Disaster Recovery


Note


To achieve simplification and consistency, the Cisco SD-WAN solution has been rebranded as Cisco Catalyst SD-WAN. In addition, from Cisco IOS XE SD-WAN Release 17.12.1a and Cisco Catalyst SD-WAN Release 20.12.1, the following component changes are applicable: Cisco vManage to Cisco Catalyst SD-WAN Manager, Cisco vAnalytics to Cisco Catalyst SD-WAN Analytics, Cisco vBond to Cisco Catalyst SD-WAN Validator, Cisco vSmart to Cisco Catalyst SD-WAN Controller, and Cisco Controllers to Cisco Catalyst SD-WAN Control Components. See the latest Release Notes for a comprehensive list of all the component brand name changes. While we transition to the new names, some inconsistencies might be present in the documentation set because of a phased approach to the user interface updates of the software product.


Table 1. Feature History

Feature Name

Release Information

Description

Disaster Recovery for Cisco SD-WAN Manager

Cisco Catalyst SD-WAN Manager Release 20.12.1Cisco SD-WAN Release 19.2.1

Cisco vManage Release 19.2.1

This feature helps you configure Cisco SD-WAN Manager in an active or standby mode to counteract hardware or software failures that may occur due to unforeseen circumstances.

Disaster Recovery for a 6 Node Cisco SD-WAN Manager Cluster.

Cisco SD-WAN Release 20.4.1

Cisco vManage Release 20.4.1

This feature provides support for disaster recovery for a 6 node Cisco SD-WAN Manager cluster.

Disaster Recovery for a Single Node Cisco SD-WAN Manager Cluster

Cisco SD-WAN Release 20.5.1

Cisco vManage Release 20.5.1

This feature provides support for disaster recovery for a Cisco SD-WAN Manager deployment with a single primary node.

Disaster Recovery User Password Change

Cisco SD-WAN Release 20.7.1

Cisco vManage Release 20.7.1

This feature lets you change the disaster recovery user password for disaster recovery components from the Cisco SD-WAN Manager Disaster Recovery window.

Disaster Recovery Alerts

Cisco SD-WAN Release 20.9.1

Cisco vManage Release 20.9.1

Also:

Cisco SD-WAN Release 20.6.4 and later 20.6.x releases

Cisco SD-WAN Manager Release 20.6.4 and later 20.6.x releases

You can configure Cisco SD-WAN Manager alerts to generate an alarm and a syslog message for any disaster recovery workflow failure or event that occurs.

Disaster Recovery Reliability Improvements Phase 1

Cisco Catalyst SD-WAN Manager Release 20.13.1

This feature removes the Pause Replication button from the Disaster Recovery screen.
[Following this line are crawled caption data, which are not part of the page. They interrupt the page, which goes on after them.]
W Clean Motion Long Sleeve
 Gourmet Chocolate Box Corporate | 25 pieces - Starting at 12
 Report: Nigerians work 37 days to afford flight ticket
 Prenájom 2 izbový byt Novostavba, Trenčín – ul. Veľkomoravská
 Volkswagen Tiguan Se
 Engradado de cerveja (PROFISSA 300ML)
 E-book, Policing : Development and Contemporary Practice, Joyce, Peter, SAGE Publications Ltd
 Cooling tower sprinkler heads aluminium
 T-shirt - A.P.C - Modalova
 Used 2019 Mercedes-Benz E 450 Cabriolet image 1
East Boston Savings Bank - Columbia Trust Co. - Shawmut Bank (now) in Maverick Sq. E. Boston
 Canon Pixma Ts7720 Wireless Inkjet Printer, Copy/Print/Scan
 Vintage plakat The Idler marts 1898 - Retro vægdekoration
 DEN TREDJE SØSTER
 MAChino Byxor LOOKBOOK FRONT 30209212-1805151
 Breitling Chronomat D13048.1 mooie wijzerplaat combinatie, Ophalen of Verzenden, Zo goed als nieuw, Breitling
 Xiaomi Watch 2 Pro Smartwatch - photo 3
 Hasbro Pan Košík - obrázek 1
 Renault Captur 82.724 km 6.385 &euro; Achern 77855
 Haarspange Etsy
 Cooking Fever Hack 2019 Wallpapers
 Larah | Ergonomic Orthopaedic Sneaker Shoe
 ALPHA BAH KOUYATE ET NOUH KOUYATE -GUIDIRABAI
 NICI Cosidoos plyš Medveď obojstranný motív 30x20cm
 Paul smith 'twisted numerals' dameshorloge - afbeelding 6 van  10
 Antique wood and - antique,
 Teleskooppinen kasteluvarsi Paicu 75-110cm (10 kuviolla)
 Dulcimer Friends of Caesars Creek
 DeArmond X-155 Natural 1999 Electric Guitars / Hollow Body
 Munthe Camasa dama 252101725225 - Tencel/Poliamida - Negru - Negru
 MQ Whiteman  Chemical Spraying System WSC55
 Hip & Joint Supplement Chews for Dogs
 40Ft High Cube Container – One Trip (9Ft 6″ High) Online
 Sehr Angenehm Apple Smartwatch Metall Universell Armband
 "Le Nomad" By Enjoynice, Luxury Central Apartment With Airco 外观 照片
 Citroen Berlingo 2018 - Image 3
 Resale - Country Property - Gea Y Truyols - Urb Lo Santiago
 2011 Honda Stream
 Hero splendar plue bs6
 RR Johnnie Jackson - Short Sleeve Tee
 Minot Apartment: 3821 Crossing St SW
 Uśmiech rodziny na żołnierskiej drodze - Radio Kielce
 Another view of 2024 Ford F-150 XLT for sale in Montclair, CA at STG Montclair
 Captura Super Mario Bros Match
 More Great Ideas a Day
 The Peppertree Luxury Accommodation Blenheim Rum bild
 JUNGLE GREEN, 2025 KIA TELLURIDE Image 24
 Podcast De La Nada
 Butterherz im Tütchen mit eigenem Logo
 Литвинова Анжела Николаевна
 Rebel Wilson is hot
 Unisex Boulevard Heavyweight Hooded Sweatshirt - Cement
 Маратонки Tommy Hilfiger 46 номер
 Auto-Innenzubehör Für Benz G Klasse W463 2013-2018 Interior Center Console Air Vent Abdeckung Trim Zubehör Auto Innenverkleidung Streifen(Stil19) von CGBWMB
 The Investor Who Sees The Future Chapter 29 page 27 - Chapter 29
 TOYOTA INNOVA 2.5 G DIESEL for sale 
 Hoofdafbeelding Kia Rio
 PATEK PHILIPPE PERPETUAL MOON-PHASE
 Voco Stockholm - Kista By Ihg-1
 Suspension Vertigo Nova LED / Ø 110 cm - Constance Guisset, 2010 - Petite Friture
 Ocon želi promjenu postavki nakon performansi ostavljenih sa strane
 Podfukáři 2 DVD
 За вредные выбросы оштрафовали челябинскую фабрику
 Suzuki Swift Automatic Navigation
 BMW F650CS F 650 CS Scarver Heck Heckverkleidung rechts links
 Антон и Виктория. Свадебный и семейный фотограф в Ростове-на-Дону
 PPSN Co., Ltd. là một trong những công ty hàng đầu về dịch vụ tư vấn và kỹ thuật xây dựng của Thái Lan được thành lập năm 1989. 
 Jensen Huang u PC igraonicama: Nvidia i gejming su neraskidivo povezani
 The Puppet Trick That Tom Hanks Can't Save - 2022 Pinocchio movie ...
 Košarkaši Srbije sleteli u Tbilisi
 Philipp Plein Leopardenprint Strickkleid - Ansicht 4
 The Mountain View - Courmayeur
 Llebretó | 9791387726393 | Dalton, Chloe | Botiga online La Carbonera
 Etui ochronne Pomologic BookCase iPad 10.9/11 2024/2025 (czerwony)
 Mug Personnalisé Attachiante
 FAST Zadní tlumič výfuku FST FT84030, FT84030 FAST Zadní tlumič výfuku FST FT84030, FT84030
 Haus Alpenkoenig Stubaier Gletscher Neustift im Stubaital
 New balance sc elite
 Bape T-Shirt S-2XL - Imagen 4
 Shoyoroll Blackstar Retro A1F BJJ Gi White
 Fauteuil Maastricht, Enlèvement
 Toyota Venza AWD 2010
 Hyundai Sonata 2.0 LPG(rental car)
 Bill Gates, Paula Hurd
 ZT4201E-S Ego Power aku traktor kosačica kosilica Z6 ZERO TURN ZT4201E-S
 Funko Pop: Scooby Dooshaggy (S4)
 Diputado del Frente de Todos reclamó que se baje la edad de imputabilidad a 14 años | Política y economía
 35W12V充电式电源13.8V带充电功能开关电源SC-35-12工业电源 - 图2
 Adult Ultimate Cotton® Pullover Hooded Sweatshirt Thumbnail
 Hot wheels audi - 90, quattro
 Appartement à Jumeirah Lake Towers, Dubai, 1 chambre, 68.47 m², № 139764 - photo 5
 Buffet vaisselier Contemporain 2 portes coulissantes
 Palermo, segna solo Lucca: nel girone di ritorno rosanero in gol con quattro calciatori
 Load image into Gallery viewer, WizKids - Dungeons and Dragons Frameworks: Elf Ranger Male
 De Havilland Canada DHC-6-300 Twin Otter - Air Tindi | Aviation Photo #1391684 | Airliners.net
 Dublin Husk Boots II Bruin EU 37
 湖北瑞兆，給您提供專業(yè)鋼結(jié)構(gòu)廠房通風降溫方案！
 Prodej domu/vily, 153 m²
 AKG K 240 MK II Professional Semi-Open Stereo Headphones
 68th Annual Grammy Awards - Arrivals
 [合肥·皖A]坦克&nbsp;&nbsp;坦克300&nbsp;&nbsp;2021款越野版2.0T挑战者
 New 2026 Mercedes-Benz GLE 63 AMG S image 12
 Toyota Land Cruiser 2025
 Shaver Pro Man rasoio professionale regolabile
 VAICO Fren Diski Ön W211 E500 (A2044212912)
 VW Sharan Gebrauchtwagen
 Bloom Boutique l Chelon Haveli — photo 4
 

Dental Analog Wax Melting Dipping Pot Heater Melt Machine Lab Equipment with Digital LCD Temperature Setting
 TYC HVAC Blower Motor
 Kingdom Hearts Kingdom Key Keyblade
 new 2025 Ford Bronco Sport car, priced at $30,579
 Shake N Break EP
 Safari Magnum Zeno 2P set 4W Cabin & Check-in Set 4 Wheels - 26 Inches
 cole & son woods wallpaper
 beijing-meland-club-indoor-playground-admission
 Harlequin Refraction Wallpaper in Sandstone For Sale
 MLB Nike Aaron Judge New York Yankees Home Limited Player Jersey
Replication pauses automatically when you pause disaster recovery and resumes when you resume disaster recovery.

Information About Disaster Recovery

Of the three controllers that make up the Cisco Catalyst SD-WAN solution (Cisco SD-WAN Manager, Cisco Catalyst SD-WAN Controller, and Cisco Catalyst SD-WAN Validator), Cisco SD-WAN Manager is the only one that is stateful and cannot be deployed in an active/active mode. The goal of the disaster recovery solution is to deploy Cisco SD-WAN Manager across two data centers in primary/secondary mode.

Disaster recovery provides an administrator-triggered failover process. When disaster recovery is registered, data is replicated automatically between the primary and secondary Cisco SD-WAN Manager clusters. You manually perform a failover to the secondary cluster if needed.

Disaster recovery is validated as follows:

  • For releases earlier than Cisco IOS XE Catalyst SD-WAN Release 17.4.1a and Cisco SD-WAN Release 20.4.1, disaster recovery is validated for a three-node cluster.

  • In Cisco IOS XE Catalyst SD-WAN Release 17.4.1a and Cisco SD-WAN Release 20.4.1, disaster recovery is validated for a six-node cluster.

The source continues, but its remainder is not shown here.